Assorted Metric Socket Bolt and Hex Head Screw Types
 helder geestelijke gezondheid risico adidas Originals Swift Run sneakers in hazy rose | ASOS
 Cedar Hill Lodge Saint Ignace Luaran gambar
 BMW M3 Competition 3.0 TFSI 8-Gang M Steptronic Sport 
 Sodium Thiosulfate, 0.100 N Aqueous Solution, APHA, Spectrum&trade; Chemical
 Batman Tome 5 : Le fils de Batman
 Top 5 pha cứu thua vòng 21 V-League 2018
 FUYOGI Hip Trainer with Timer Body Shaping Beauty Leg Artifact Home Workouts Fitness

Aim of the task ▸ The line with "Top 5 pha cứu thua vòng 21 V-League 2018" through the last line of the entries above: output exactly those lines and nothing else.

Result of this task ▸
 Top 5 pha cứu thua vòng 21 V-League 2018
 FUYOGI Hip Trainer with Timer Body Shaping Beauty Leg Artifact Home Workouts Fitness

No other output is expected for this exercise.